I've used similar paints on motorcycle exhausts, and generally speaking they hold up for about a year or so before they start to burn/flake off, especially at the bends/hot spots. Of course this is a bit different, I doubt this application gets quite as hot.


----------



## Michigan Paul (Dec 20, 2021)

I have used that stuff for years. The trick is in the prep. Wipe down with acetone to remove any oils, scuff the surface with brown scotch-brite pads and slow bake . Used the same ceramic paint on a Sportster exhaust bike built strictly built for the drag strip and never an issue. Was an original 883cc out to 1200cc with Andrew's cams, Wiseco pistons, Adjustable Accel ign module, big Mikuni carb jetted rich for top end and a set of radically ported and milled heads. Compression calculated was 13-1 Turbo Blue fuel ONLY...... old fart retired biker here.


----------



## jherbicide (Oct 14, 2021)

That makes sense… I’ve only used it on 2 stroke bikes, i think their EGT surpass a 4 stroke by a wide margin.
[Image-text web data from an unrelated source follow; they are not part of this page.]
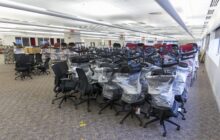 How Office Furniture Recyclers Divert a Growing Pile From Landfills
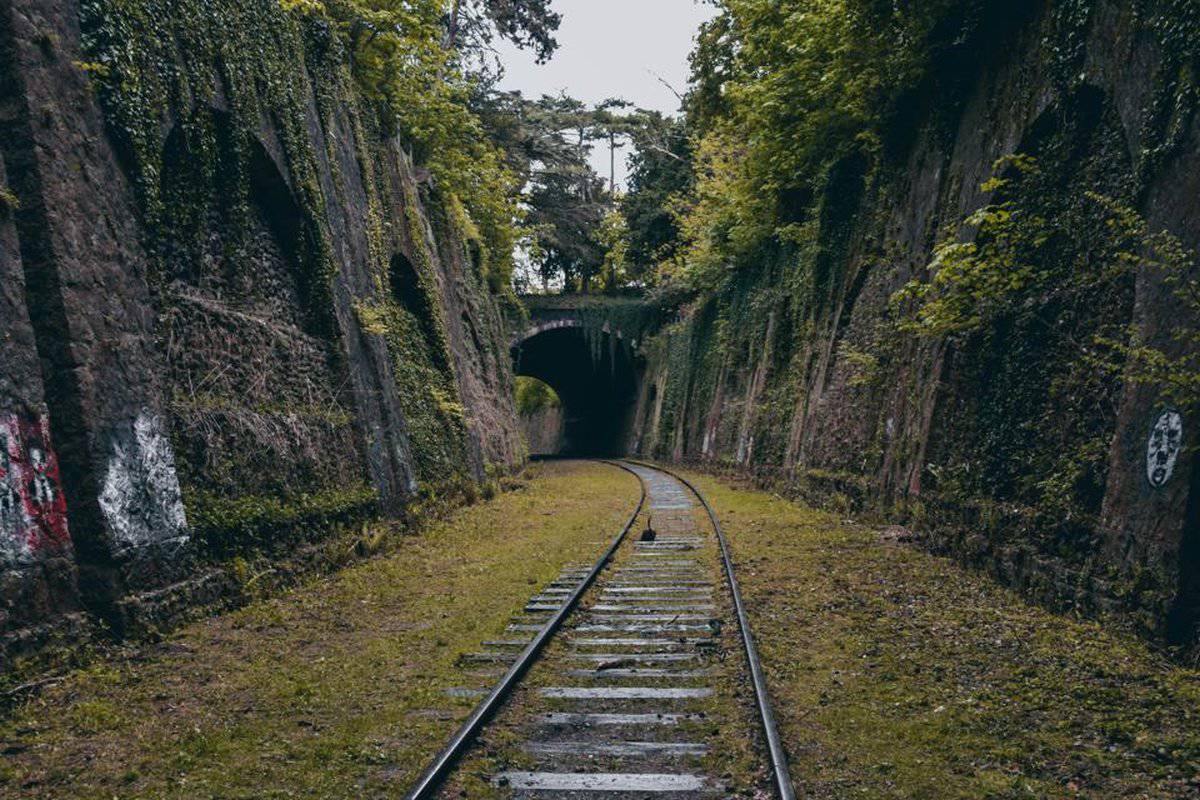 Read more about the article Europe’s Abandoned Railway Lines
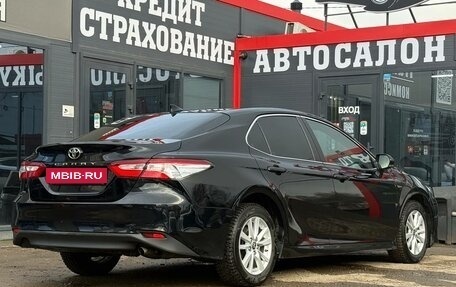 Toyota Camry, 2020 год, 2 399 000 рублей, 12 фотография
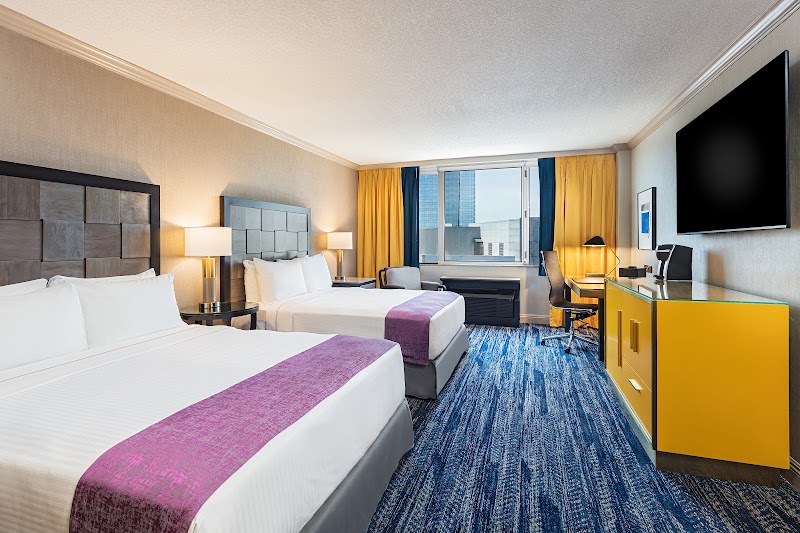 Photo 1 at E-Central Downtown Los Angeles Hotel in Los Angeles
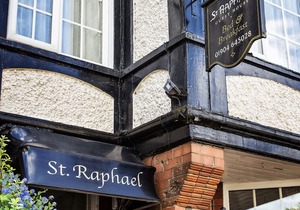 St. Raphael Guest House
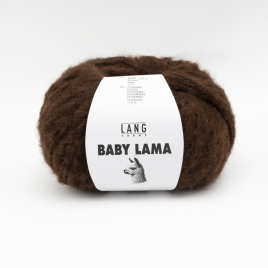Пряжа Lang Yarns Baby Lama 0067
But…on the snowblower even if it does flake off it’s still performing the task at hand.


----------



## comedic.hearsay (Dec 4, 2021)

I like the new one, quicker to get to the carb.


----------



## comedic.hearsay (Dec 4, 2021)

A negative on the new one is that the gas tank doesn't completely empty during use. The old style would empty completely.


----------